Saturday, June 18, 2011

Leaving on a jet plane (again)

Flying to Geneva from Hong Kong is quite a journey: off to the airport for a late night flight to London, and then a few hours later after spending some more time in an air conditioned metal tube, I'll be spat out in Switzerland. Hopefully.

I'd been too busy to prepare, so today was strewn with tiny panics; rushing to the barber to get my hair cut, rushing to the laundrette to ensure I had more than one pair of clean underpants for the week, rushing home and trying to pack all my clothes into my suitcase without making any concessions to folding things or avoiding creases.

There's probably an iron in the hotel room, after all.

If there's a hotel room. I've still got this nagging worry that there won't be a hotel at all, and I'll arrive in Switzerland to find myself the victim of an elaborate joke, the sort of prank that requires the participation of seventy different people in the company I work for, just to leave me baffled on the wrong side of the world.

Not that I'm paranoid. Much.

My back has been painful today. Although I should be happy that I can turn my head from side to side, there's a fist sized muscle below my left shoulder that's clenched as hard as it can, and that diminishes my usual sunny mood.

What am I saying, my sunny mood? I've been grumpy for pretty much all of this week. I'm hoping when I have a working body again, my spirits will be lifted; it's hard to maintain a cheery outlook on the world when it hurts to breathe.

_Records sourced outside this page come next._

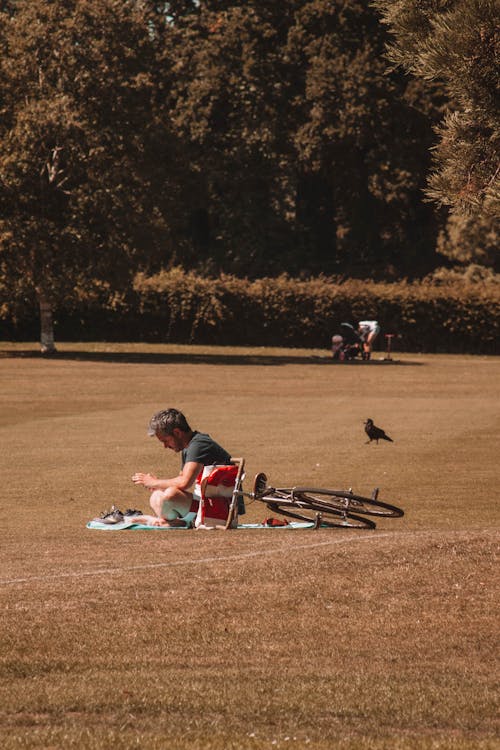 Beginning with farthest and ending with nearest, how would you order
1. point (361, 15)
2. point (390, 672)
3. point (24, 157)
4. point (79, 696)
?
point (361, 15) < point (24, 157) < point (390, 672) < point (79, 696)

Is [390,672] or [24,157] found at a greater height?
[24,157]

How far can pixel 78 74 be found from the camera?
58750mm

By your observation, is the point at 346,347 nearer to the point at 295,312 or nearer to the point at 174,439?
the point at 295,312

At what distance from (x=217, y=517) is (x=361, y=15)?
63678 mm

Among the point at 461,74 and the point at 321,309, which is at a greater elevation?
the point at 461,74

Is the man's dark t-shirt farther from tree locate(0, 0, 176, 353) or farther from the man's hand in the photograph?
tree locate(0, 0, 176, 353)

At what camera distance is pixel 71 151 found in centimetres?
5816

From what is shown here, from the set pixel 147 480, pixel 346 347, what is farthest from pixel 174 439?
pixel 346 347

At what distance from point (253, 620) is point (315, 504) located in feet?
15.0

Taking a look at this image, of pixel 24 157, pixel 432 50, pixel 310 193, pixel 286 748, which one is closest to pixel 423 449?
pixel 432 50

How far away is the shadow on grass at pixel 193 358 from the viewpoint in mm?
55438

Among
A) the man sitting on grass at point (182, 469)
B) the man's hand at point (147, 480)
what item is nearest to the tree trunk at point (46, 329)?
the man's hand at point (147, 480)

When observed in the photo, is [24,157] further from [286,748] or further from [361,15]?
[286,748]

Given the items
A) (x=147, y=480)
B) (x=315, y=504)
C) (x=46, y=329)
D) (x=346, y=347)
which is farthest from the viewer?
(x=46, y=329) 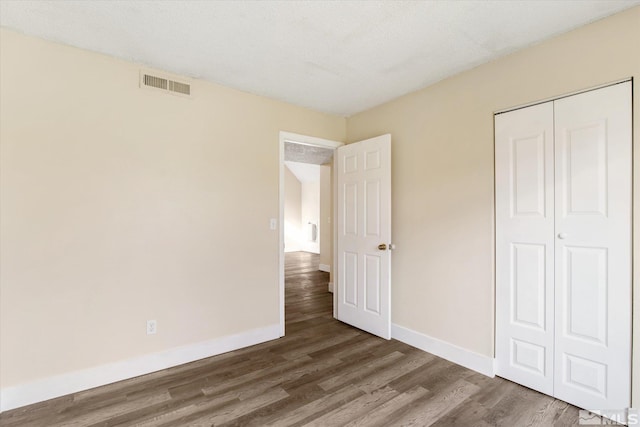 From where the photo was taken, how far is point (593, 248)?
1.90m

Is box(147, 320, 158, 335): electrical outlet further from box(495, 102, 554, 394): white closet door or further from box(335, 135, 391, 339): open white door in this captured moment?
box(495, 102, 554, 394): white closet door

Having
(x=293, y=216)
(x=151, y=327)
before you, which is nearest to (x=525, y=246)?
(x=151, y=327)

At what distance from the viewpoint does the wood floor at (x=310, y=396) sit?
186 centimetres

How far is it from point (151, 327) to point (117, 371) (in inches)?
14.6

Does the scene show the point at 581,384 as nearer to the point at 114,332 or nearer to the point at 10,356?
the point at 114,332

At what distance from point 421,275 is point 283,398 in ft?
5.47

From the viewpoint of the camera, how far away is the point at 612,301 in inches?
72.0

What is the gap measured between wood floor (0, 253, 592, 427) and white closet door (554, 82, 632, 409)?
0.30m

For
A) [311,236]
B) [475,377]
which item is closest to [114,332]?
[475,377]

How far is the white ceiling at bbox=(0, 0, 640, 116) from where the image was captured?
1.75 m

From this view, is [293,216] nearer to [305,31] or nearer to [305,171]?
[305,171]

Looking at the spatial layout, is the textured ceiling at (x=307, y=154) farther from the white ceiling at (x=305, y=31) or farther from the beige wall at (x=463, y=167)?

It's something of a shame, therefore, that I'm toting The World's Heaviest Laptop with me. Most people now use Lenovos at work, but I'm the lucky owner of a cast-iron Dell from when I worked in London, a heavyweight beast that must be four years old now. A younger man than me would be happy for the opportunity to work out: I'm just dreading picking my bag up. I harbour fantasies that the guys in Customs will demand to examine it with a hammer, but the damned thing has been so robust I fear I'll be carting it around to the end of time. Or when my job disintegrates in a cloud of backache and continuous moaning.